• **Activity**:
Nothing beyond the line containing "태아보험 다이렉트 내돈내산" is to be printed; print exactly each line from the start of the records below through that line, leaving out pictures.

• **Task input**:
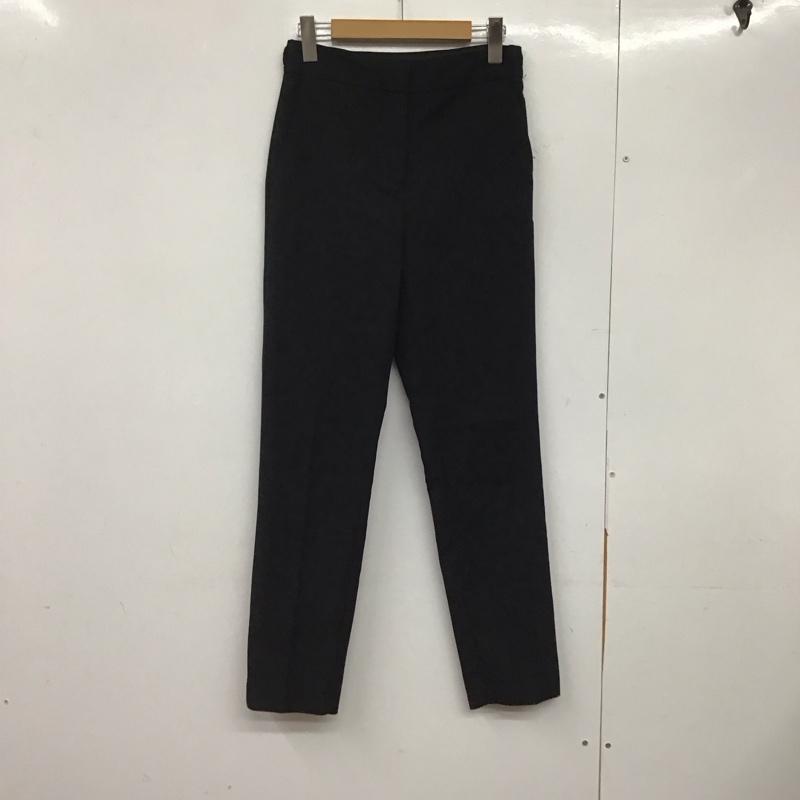 ザラ ZARA パンツ スラックス スラックスパンツ スリムパンツ ストレッチパンツ S 無地 黒 / ブラック /  レディース USED 古着 中古 10145183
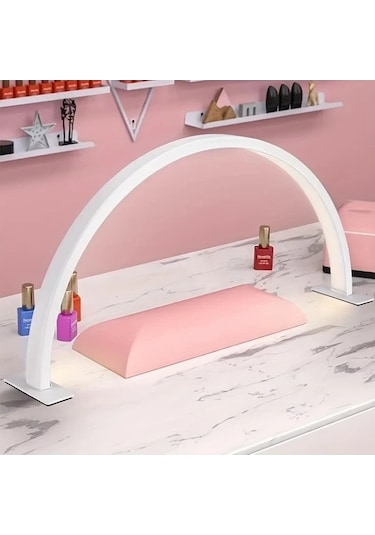 Fastbuy 180mm Pembe Led Masa Lambası 6000k Usb Güçlü Ayarlanabilir Hilal Titresimsiz Tirmak Pembe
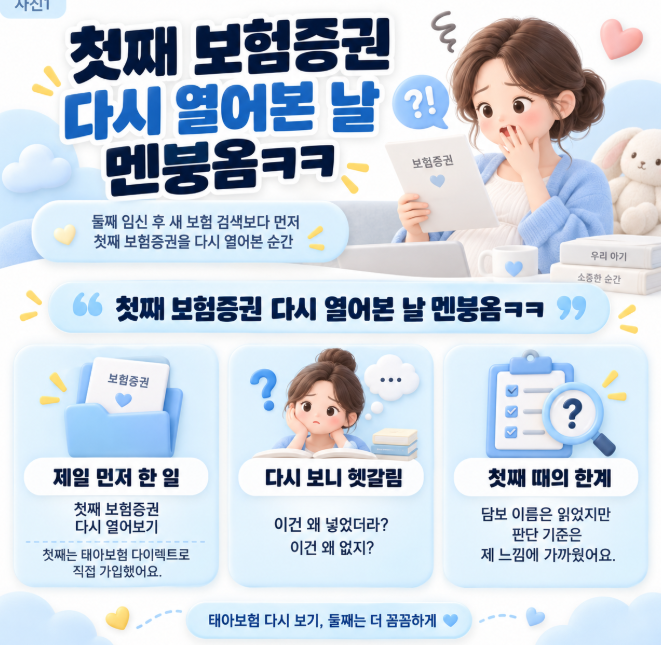 태아보험 다이렉트 내돈내산 순위비교사이트 가입특약 비교하고 현대해상으로 다시 고른 후....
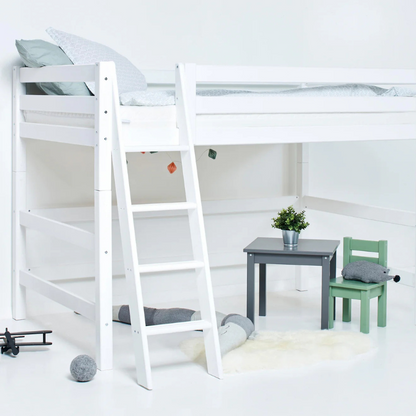 Hoppekids ECO Luxury High Sleeper 120x200cm – White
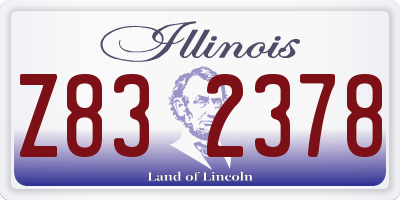 IL license plate Z832378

• **Answer**:
 ザラ ZARA パンツ スラックス スラックスパンツ スリムパンツ ストレッチパンツ S 無地 黒 / ブラック /  レディース USED 古着 中古 10145183
 Fastbuy 180mm Pembe Led Masa Lambası 6000k Usb Güçlü Ayarlanabilir Hilal Titresimsiz Tirmak Pembe
 태아보험 다이렉트 내돈내산 순위비교사이트 가입특약 비교하고 현대해상으로 다시 고른 후....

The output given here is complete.